*** EXTRACTED MATERIAL Section Begins ***

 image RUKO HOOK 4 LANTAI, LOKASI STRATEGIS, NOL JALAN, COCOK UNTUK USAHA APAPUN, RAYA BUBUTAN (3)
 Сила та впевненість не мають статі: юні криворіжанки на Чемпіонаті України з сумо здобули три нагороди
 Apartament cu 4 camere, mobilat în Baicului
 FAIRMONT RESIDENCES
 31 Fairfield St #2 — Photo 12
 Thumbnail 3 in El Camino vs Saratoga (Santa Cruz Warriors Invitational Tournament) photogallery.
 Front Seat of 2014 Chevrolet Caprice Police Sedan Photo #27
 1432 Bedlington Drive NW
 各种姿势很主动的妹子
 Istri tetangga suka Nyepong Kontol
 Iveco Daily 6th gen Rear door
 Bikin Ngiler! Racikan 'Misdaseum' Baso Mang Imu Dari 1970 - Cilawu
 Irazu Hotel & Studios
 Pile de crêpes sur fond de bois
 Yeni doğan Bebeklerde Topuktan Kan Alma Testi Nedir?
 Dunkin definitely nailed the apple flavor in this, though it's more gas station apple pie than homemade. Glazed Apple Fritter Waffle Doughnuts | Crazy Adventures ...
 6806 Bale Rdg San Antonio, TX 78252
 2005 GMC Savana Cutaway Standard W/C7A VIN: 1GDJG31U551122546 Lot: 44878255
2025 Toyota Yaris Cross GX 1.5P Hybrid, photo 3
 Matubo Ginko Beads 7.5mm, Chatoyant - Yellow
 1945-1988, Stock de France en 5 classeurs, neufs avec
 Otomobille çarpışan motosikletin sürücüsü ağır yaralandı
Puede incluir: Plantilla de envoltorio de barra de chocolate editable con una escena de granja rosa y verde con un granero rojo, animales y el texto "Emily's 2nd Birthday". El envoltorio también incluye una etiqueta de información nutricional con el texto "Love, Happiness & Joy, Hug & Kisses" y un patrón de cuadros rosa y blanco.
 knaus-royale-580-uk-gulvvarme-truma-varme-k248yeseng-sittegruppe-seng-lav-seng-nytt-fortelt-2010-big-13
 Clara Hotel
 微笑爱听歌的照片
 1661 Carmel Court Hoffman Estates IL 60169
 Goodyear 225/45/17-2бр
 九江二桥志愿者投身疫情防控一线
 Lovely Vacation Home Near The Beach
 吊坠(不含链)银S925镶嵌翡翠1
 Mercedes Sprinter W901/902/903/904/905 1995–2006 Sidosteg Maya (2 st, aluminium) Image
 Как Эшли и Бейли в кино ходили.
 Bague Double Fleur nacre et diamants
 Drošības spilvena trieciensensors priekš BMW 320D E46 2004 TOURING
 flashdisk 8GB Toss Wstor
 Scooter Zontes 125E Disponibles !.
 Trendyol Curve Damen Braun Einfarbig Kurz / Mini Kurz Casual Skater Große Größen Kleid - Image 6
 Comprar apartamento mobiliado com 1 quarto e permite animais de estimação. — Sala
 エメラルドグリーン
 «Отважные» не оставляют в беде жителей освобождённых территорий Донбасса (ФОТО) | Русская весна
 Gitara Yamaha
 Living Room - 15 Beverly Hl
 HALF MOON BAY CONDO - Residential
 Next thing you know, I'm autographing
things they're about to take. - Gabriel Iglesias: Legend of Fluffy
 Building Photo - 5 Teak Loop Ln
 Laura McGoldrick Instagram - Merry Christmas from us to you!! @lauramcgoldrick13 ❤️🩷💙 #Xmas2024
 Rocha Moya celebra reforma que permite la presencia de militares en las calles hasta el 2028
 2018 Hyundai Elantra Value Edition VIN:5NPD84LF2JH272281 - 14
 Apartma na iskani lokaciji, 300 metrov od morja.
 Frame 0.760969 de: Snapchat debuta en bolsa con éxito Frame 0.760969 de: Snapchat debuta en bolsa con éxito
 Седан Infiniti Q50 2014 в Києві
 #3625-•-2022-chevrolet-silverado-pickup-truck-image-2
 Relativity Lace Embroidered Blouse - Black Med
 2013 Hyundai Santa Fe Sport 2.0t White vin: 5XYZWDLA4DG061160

*** EXTRACTED MATERIAL Section Ends ***

Copy only this part of the entries above: the line with "Dunkin definitely nailed", the line with "Mercedes Sprinter W901/902/903/904/905", and the lines between, all exactly as written.

 Dunkin definitely nailed the apple flavor in this, though it's more gas station apple pie than homemade. Glazed Apple Fritter Waffle Doughnuts | Crazy Adventures ...
 6806 Bale Rdg San Antonio, TX 78252
 2005 GMC Savana Cutaway Standard W/C7A VIN: 1GDJG31U551122546 Lot: 44878255
2025 Toyota Yaris Cross GX 1.5P Hybrid, photo 3
 Matubo Ginko Beads 7.5mm, Chatoyant - Yellow
 1945-1988, Stock de France en 5 classeurs, neufs avec
 Otomobille çarpışan motosikletin sürücüsü ağır yaralandı
Puede incluir: Plantilla de envoltorio de barra de chocolate editable con una escena de granja rosa y verde con un granero rojo, animales y el texto "Emily's 2nd Birthday". El envoltorio también incluye una etiqueta de información nutricional con el texto "Love, Happiness & Joy, Hug & Kisses" y un patrón de cuadros rosa y blanco.
 knaus-royale-580-uk-gulvvarme-truma-varme-k248yeseng-sittegruppe-seng-lav-seng-nytt-fortelt-2010-big-13
 Clara Hotel
 微笑爱听歌的照片
 1661 Carmel Court Hoffman Estates IL 60169
 Goodyear 225/45/17-2бр
 九江二桥志愿者投身疫情防控一线
 Lovely Vacation Home Near The Beach
 吊坠(不含链)银S925镶嵌翡翠1
 Mercedes Sprinter W901/902/903/904/905 1995–2006 Sidosteg Maya (2 st, aluminium) Image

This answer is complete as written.